Exercise details: Your answer must be an exact copy of the data below, minus any pictures.

Supplied data:
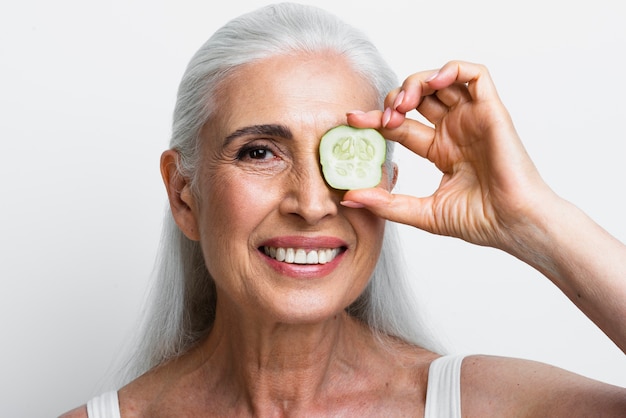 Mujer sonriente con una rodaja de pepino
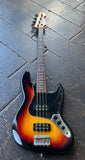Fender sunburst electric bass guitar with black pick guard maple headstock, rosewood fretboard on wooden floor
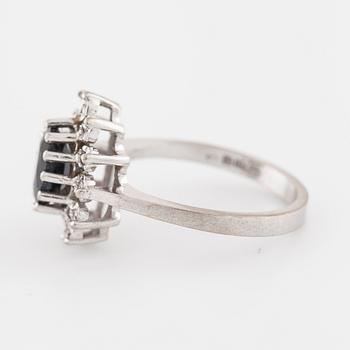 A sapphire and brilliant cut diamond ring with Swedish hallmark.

Written response:
 Mujer sonriente con una rodaja de pepino
Fender sunburst electric bass guitar with black pick guard maple headstock, rosewood fretboard on wooden floor
 A sapphire and brilliant cut diamond ring with Swedish hallmark.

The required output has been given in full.